### RECORDS PROVIDED:
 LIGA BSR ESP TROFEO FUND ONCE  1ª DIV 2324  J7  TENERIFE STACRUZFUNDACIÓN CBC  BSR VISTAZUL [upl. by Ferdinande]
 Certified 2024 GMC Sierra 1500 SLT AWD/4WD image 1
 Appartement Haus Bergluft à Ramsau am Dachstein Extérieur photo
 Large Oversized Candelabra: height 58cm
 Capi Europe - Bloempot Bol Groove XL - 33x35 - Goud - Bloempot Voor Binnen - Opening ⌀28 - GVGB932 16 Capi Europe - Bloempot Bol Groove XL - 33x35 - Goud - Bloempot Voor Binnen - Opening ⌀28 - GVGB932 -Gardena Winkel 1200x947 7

--

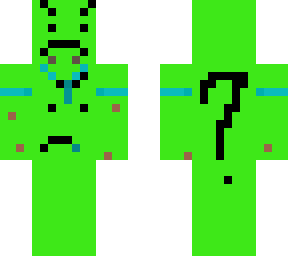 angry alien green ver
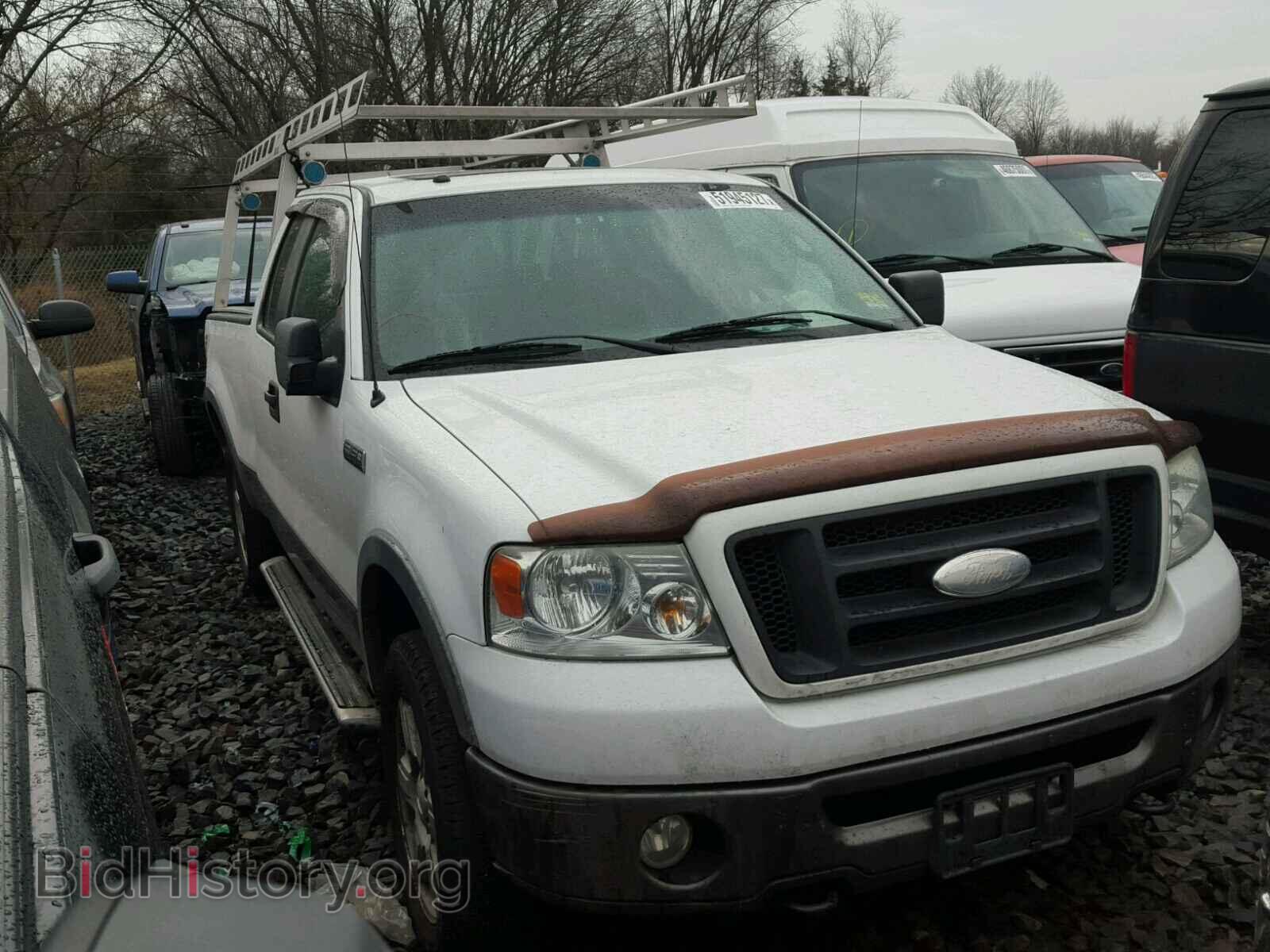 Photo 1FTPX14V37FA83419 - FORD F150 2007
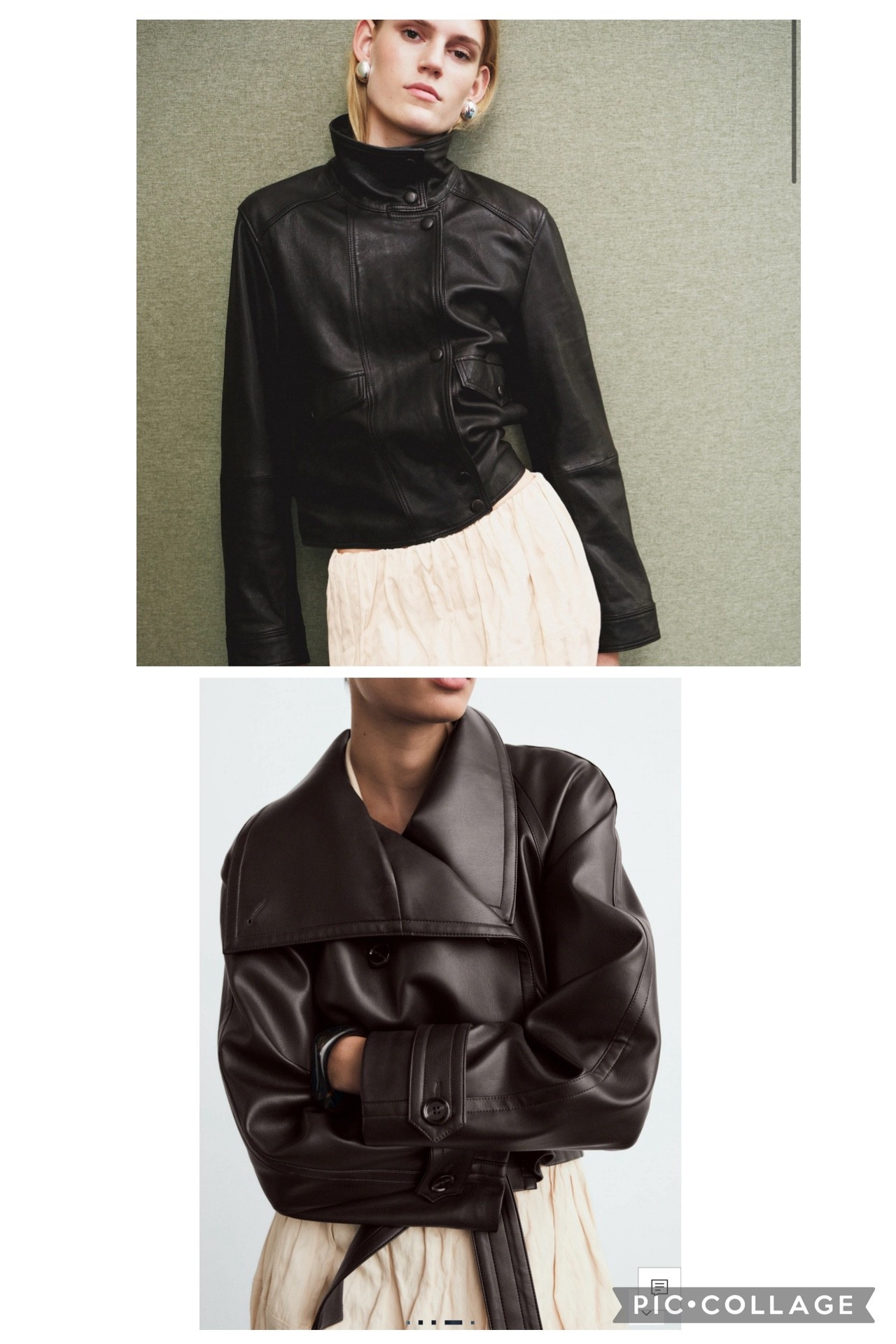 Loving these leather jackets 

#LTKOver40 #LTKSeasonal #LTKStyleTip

### WHAT TO PRODUCE:
Print exactly the lines above that run from the one with "angry alien green ver" to the one with "#LTKOver40 #LTKSeasonal #LTKStyleTip", both included. No pictures.

### TASK OUTPUT:
 angry alien green ver
 Photo 1FTPX14V37FA83419 - FORD F150 2007
 Loving these leather jackets 

#LTKOver40 #LTKSeasonal #LTKStyleTip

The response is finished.